Print out the entries below with no edits.

━━━━━ RECORDS TO USE ━━━━━

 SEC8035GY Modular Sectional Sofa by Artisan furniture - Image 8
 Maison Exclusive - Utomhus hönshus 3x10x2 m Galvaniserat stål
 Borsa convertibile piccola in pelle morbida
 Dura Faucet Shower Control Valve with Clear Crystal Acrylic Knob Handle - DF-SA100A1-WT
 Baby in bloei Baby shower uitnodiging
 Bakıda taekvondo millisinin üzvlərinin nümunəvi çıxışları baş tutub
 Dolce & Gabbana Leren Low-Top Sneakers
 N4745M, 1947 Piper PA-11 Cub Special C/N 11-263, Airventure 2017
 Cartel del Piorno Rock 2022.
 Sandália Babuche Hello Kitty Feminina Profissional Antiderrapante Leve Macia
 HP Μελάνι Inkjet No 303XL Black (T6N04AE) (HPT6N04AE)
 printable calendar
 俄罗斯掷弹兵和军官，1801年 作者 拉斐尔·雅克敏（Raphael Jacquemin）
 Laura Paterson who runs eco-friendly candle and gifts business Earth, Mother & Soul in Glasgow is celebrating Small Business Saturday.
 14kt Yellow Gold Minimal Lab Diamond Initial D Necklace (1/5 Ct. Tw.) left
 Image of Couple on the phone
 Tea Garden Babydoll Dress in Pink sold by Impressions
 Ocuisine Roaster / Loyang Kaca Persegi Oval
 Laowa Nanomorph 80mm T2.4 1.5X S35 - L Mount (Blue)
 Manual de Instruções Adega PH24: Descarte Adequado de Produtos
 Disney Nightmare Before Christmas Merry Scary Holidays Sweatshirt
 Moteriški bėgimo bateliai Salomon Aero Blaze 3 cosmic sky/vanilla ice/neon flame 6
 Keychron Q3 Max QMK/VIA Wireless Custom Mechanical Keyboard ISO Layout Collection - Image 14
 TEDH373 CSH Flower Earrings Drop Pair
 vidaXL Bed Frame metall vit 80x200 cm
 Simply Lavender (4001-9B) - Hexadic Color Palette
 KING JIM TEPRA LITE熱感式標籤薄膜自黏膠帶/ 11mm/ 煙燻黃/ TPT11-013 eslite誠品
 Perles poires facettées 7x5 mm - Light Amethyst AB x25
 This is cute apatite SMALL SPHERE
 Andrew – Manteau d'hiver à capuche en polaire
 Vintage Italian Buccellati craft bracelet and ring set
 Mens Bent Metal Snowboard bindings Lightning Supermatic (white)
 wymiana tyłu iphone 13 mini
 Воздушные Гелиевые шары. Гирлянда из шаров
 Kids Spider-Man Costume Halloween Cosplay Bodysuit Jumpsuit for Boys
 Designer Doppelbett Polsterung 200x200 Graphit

━━━━━

### ANSWER TO THE PROBLEM
 SEC8035GY Modular Sectional Sofa by Artisan furniture - Image 8
 Maison Exclusive - Utomhus hönshus 3x10x2 m Galvaniserat stål
 Borsa convertibile piccola in pelle morbida
 Dura Faucet Shower Control Valve with Clear Crystal Acrylic Knob Handle - DF-SA100A1-WT
 Baby in bloei Baby shower uitnodiging
 Bakıda taekvondo millisinin üzvlərinin nümunəvi çıxışları baş tutub
 Dolce & Gabbana Leren Low-Top Sneakers
 N4745M, 1947 Piper PA-11 Cub Special C/N 11-263, Airventure 2017
 Cartel del Piorno Rock 2022.
 Sandália Babuche Hello Kitty Feminina Profissional Antiderrapante Leve Macia
 HP Μελάνι Inkjet No 303XL Black (T6N04AE) (HPT6N04AE)
 printable calendar
 俄罗斯掷弹兵和军官，1801年 作者 拉斐尔·雅克敏（Raphael Jacquemin）
 Laura Paterson who runs eco-friendly candle and gifts business Earth, Mother & Soul in Glasgow is celebrating Small Business Saturday.
 14kt Yellow Gold Minimal Lab Diamond Initial D Necklace (1/5 Ct. Tw.) left
 Image of Couple on the phone
 Tea Garden Babydoll Dress in Pink sold by Impressions
 Ocuisine Roaster / Loyang Kaca Persegi Oval
 Laowa Nanomorph 80mm T2.4 1.5X S35 - L Mount (Blue)
 Manual de Instruções Adega PH24: Descarte Adequado de Produtos
 Disney Nightmare Before Christmas Merry Scary Holidays Sweatshirt
 Moteriški bėgimo bateliai Salomon Aero Blaze 3 cosmic sky/vanilla ice/neon flame 6
 Keychron Q3 Max QMK/VIA Wireless Custom Mechanical Keyboard ISO Layout Collection - Image 14
 TEDH373 CSH Flower Earrings Drop Pair
 vidaXL Bed Frame metall vit 80x200 cm
 Simply Lavender (4001-9B) - Hexadic Color Palette
 KING JIM TEPRA LITE熱感式標籤薄膜自黏膠帶/ 11mm/ 煙燻黃/ TPT11-013 eslite誠品
 Perles poires facettées 7x5 mm - Light Amethyst AB x25
 This is cute apatite SMALL SPHERE
 Andrew – Manteau d'hiver à capuche en polaire
 Vintage Italian Buccellati craft bracelet and ring set
 Mens Bent Metal Snowboard bindings Lightning Supermatic (white)
 wymiana tyłu iphone 13 mini
 Воздушные Гелиевые шары. Гирлянда из шаров
 Kids Spider-Man Costume Halloween Cosplay Bodysuit Jumpsuit for Boys
 Designer Doppelbett Polsterung 200x200 Graphit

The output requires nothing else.